══ THE DATA
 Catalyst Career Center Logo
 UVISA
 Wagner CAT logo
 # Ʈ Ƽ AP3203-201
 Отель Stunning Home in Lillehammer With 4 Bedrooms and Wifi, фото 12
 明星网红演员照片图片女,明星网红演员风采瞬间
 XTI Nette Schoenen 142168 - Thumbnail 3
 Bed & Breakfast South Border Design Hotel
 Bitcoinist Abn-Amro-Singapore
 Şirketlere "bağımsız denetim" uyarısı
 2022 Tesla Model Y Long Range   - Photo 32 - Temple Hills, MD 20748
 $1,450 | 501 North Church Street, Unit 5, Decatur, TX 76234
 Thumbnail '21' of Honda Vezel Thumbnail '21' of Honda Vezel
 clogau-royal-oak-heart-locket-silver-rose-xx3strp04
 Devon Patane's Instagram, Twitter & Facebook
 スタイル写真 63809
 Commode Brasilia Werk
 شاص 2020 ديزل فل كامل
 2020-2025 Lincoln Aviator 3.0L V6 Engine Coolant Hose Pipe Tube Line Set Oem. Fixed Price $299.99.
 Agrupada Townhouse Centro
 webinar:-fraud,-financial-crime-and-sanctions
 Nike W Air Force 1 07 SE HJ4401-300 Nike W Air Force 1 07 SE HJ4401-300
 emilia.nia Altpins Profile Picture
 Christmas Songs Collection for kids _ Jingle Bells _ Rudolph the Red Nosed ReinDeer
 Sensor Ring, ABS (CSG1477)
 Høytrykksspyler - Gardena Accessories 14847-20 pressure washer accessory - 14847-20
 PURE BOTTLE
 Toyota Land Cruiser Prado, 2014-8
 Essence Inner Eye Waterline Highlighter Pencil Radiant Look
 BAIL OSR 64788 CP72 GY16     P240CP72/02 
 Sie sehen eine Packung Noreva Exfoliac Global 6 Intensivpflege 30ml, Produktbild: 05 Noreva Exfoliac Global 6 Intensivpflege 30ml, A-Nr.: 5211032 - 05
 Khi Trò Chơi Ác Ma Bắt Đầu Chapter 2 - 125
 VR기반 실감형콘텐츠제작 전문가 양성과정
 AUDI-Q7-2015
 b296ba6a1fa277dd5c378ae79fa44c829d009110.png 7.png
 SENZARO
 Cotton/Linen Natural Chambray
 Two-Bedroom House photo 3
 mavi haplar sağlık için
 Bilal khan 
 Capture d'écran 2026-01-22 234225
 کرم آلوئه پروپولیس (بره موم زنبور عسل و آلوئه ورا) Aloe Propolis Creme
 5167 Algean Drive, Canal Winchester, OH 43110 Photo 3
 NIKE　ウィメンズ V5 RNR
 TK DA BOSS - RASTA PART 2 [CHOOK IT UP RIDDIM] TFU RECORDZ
════
- WORK TO BE COMPLETED
In the records above, find the line with "Thumbnail '21' of Honda Vezel Thumbnail"; write out exactly that line and each one after it, stopping after the line with "BAIL OSR 64788".

- ANSWER TO THE EXERCISE
 Thumbnail '21' of Honda Vezel Thumbnail '21' of Honda Vezel
 clogau-royal-oak-heart-locket-silver-rose-xx3strp04
 Devon Patane's Instagram, Twitter & Facebook
 スタイル写真 63809
 Commode Brasilia Werk
 شاص 2020 ديزل فل كامل
 2020-2025 Lincoln Aviator 3.0L V6 Engine Coolant Hose Pipe Tube Line Set Oem. Fixed Price $299.99.
 Agrupada Townhouse Centro
 webinar:-fraud,-financial-crime-and-sanctions
 Nike W Air Force 1 07 SE HJ4401-300 Nike W Air Force 1 07 SE HJ4401-300
 emilia.nia Altpins Profile Picture
 Christmas Songs Collection for kids _ Jingle Bells _ Rudolph the Red Nosed ReinDeer
 Sensor Ring, ABS (CSG1477)
 Høytrykksspyler - Gardena Accessories 14847-20 pressure washer accessory - 14847-20
 PURE BOTTLE
 Toyota Land Cruiser Prado, 2014-8
 Essence Inner Eye Waterline Highlighter Pencil Radiant Look
 BAIL OSR 64788 CP72 GY16     P240CP72/02 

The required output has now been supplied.